Claim 1 recites a limitation directed to the presence of layers 24 and 26. A similar cell structure was used for ST's 8-Mbit 0.18-µm demonstrator at the 2004 VLSI Symposium, as well as the newer, 128-Mbit device, and is covered by USP 6,972,430B2, by G. Casagrande et al., which is co-owned by ST and Ovonyx. The cell structure claimed here seems to provide a smaller cell area and associated better management of current levels, thus addressing a key implementation challenge of PCRAM.
Finally, Intel's USP 7,029,978 discloses a pore-type structure. In it, the PCM element is deposited adjacent to a dielectric layer, which is adjacent to the conductor. It is taught that the dielectric can be bombarded by, for example, ion implantation such that the dielectric breaks down in a specified region.
This appears to be a means of concentrating the current flow through a small region of weakened dielectric. In Claim 11, a memory is said to have a breakdown layer between a pair of electrodes, with "said breakdown layer being ion implanted to increase the likelihood that a breakdown will occur in one region. . . ." Neat idea.
Another broad area of interest is the use of a heater element to supply the required heat to the PCM element. Both Samsung and Intel/Ovonyx have patents disclosing such a structure. In particular, USP 7,170,777, assigned to Samsung, discloses a resistive heater that is associated with each unit cell. The disclosed structure has no access transistor, and the heater has separate select circuitry.
Presumably, the circuitry overhead is considered manageable for improvements in density, as there is no access transistor whose size is dictated by driving sufficient current to heat the PCM. While the patent has a priority date of Oct. 28, 2004, it appears to have broadly claimed a heating structure with separate select lines.
The question of endurance seems to be a bit more nebulous, since apparently few people are talking about it. As stated previously, the theoretical endurance of an isolated PCM element is infinite, since it is simply cycling through a phase transformation. Researchers point out, however, that the volume change associated with this process can create large stresses within the PCM and adjacent layers. They further note that a structure of Ti/TiN adhesion layers can create stresses under thermal cycling that mitigate the stresses associated with the PCM.

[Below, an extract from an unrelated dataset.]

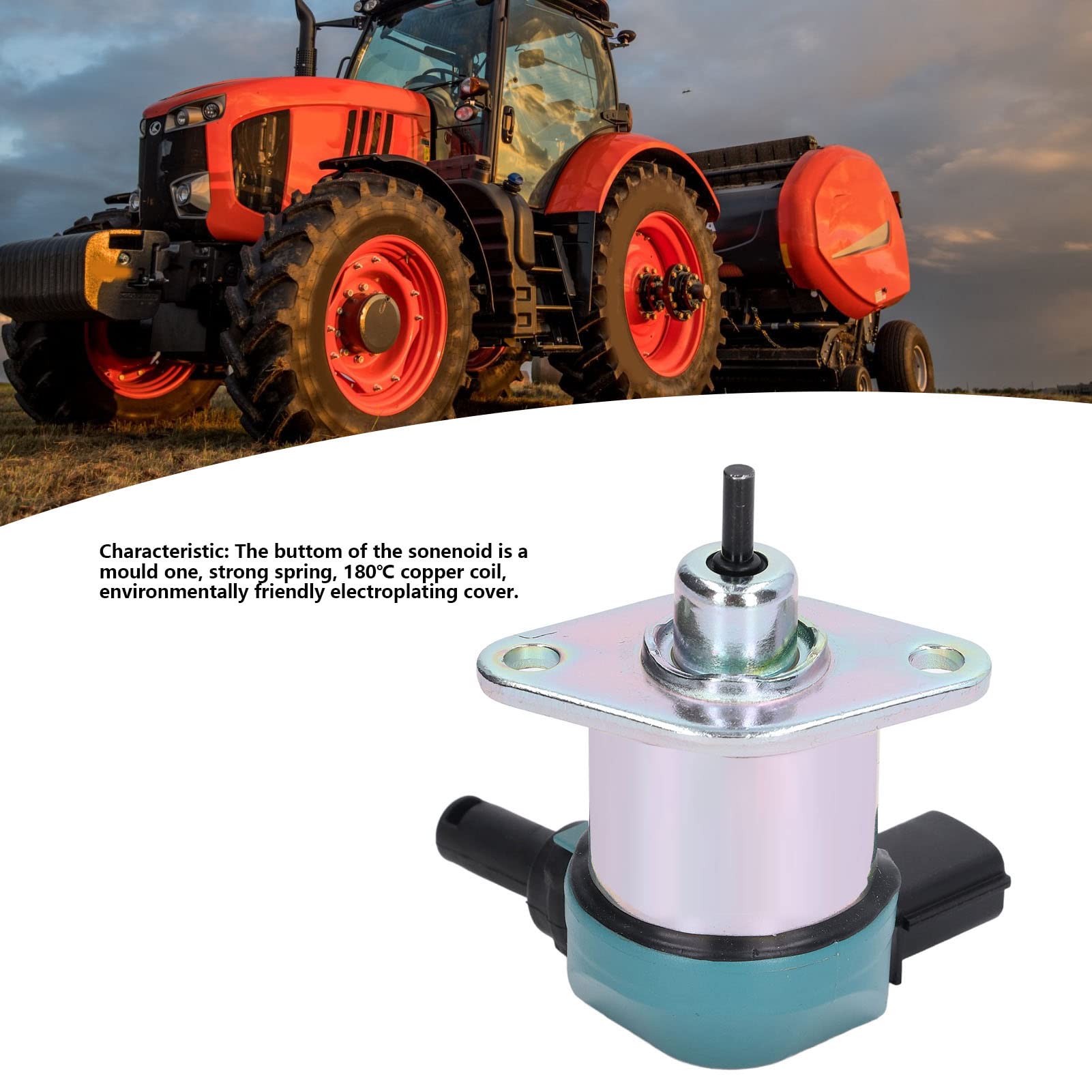 Solénoïde D'arrêt de Carburant 12 V pour Kubota D1105, V1205, V1305 – Remplacement Direct, Haute qualité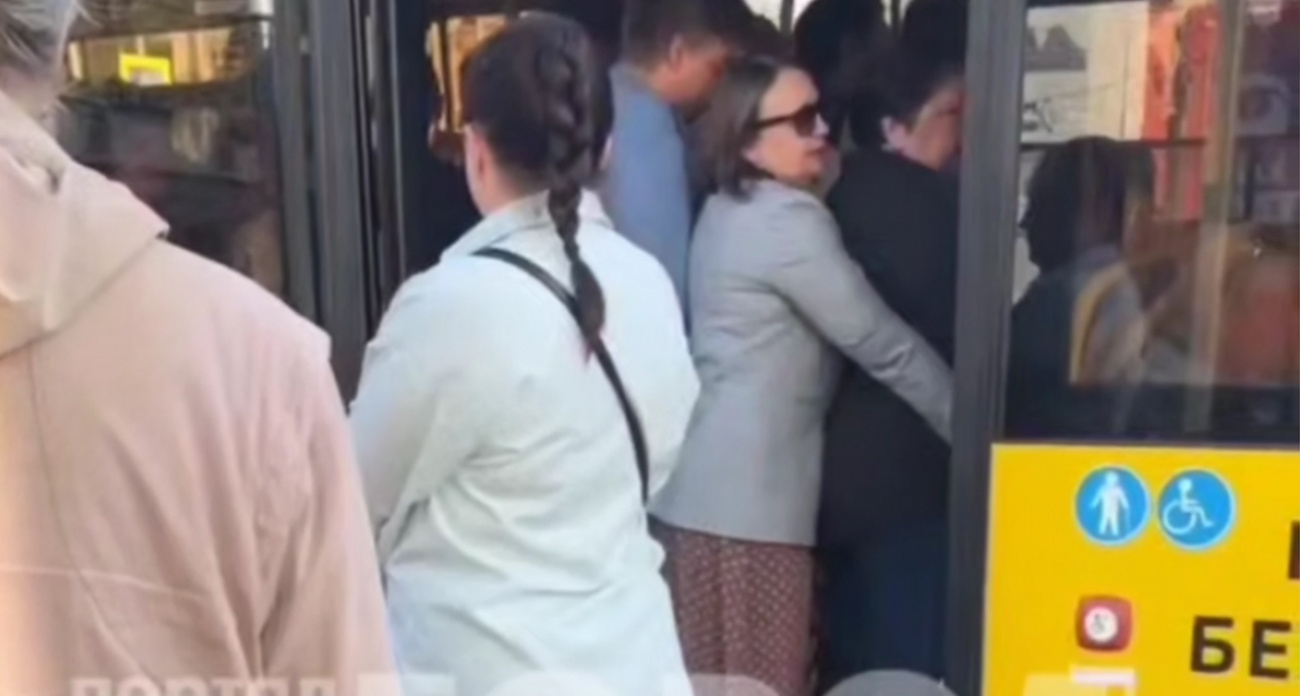 Давка в автобусах Брагино по утрам набирает обороты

In USP 7,129,531, Ovonyx discloses a structure of TiN adhesion layers wherein the layer adjacent to the PCM is rich in Ti. It is noted in the specification that it is believed this chemistry promotes adhesion through a reaction between Ti and tellurium of the PCM element. Fatigue and delamination of the boundary layers are promoted by and associated with the volume change of the PCM element.
At Semiconductor Insights, we look forward to getting our first glimpses of the forthcoming phase-change RAM offerings to determine the implemented unit cell structure--and, in the process, to confirm the approaches that have been taken to bring phase-change RAMs to market. n
Paul Boldt (paul.boldt@semiconductor.com) is IPinsights analyst at Semiconductor Insights (Kanata, Ontario). Earlier, he drafted and prosecuted patent applications at one of Canada's largest IP law firms. He received a PhD in materials science in 1998 from Mc-Master University (Hamilton, Ontario).